The NATO decision to start the military operation against Yugoslavia contradicts the norms of the international right. We understand the arguments of those, who state that the modern international right is obsolete, that for the sake of human rights protection under certain conditions one can neglect the letter of international agreements and ignore the UNO statute. But who are the judges who must decide what may be done here and now and what may not be done there and tomorrow? Today the judges are the governments of a number of democratic countries of Europe and America. Thus we shall construct the paradise in the United Europe. But why tomorrow other countries from Asia or Africa may not start to establish order in neighboring countries, coming from their notions of democratic norms and human rights? Maybe, they will be prevented to do this, since they are not democratic enough. But who will give the verdict?

The UNO authority and role are undermined by the present actions of the NATO. Certainly the helplessness of the UNO Security Council set the world community helpless to solve difficult problems long before the military crisis in Yugoslavia.
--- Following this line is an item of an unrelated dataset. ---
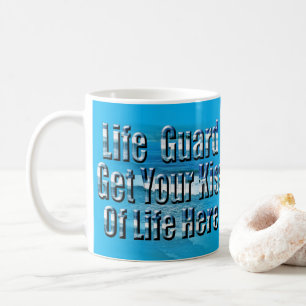 Funny Lifeguard Kiss Here, Coffee Tasse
The supporters of the military action explain their decision to act without the UNO sanction just because of this fact. Who will coordinate actions with the UNO now, if the NATO did not? This means that instead of the recent imperfect order we shall have dictatorship of superpowers and blocks, the idea is being spread that the NATO must take the role of the ‘kind and fair policeman’ in the world. God save us from it!
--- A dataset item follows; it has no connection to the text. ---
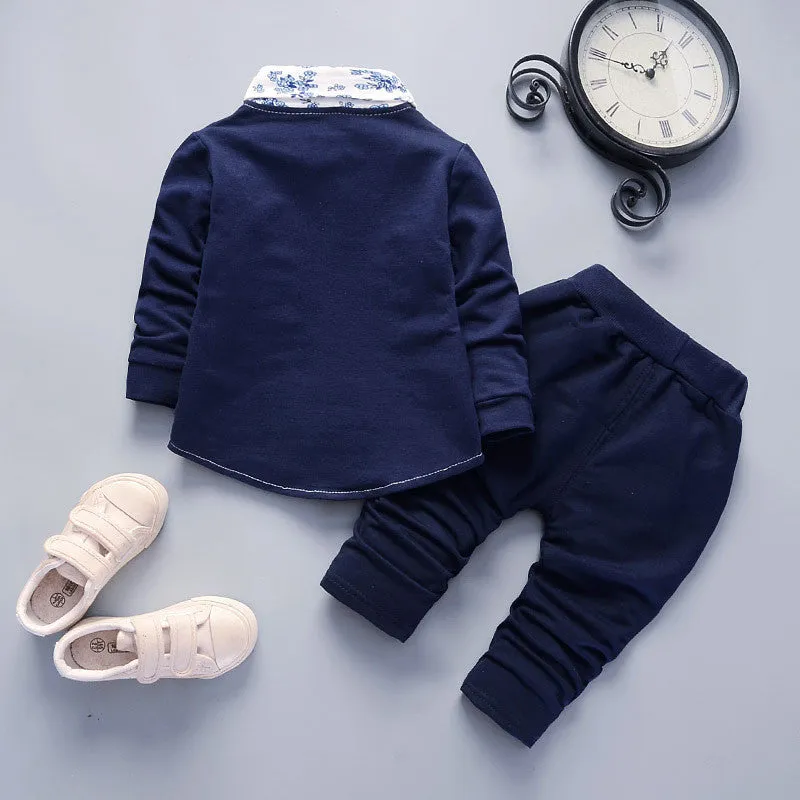 2pcs Baby Boy 95% Cotton Long-sleeve Faux-two Floral Print Top and Pants Set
In any case this precedent opens the road to the uncontrolled arms race, creating blocks, universal distrust.

It seems that the only justification of the current actions of the NATO countries can be real steps of the governments of these countries aimed at terminating the war in Yugoslavia and frank efforts to change the existing and obviously obsolete world order. The countries ought to develop new rules and to take firm obligations to follow them.
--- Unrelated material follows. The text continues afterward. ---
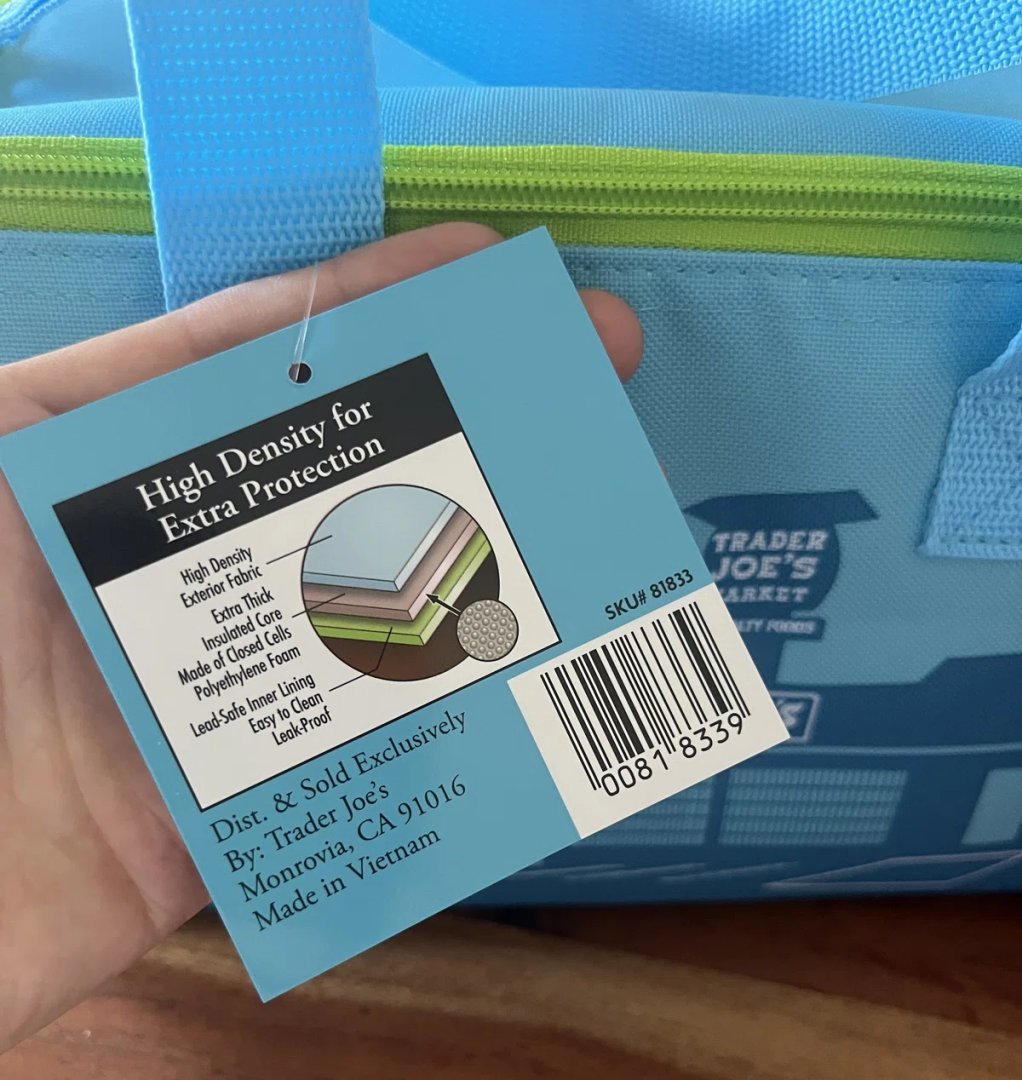 Made in Vietnam. 3-layer structure keeps things inside cool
Yet, are the most politicians of the NATO countries prepared to serious changes, for example to cancel the veto right by permanent members of the UNO Security Council? A new consistent system of international acts must be developed in order to regulate the problem of interference in other countries’ affairs together with forming the criteria when such interference may be admitted. Another important international problem is to use, instead of political bargaining, a system of judicial or quasi-judicial procedures.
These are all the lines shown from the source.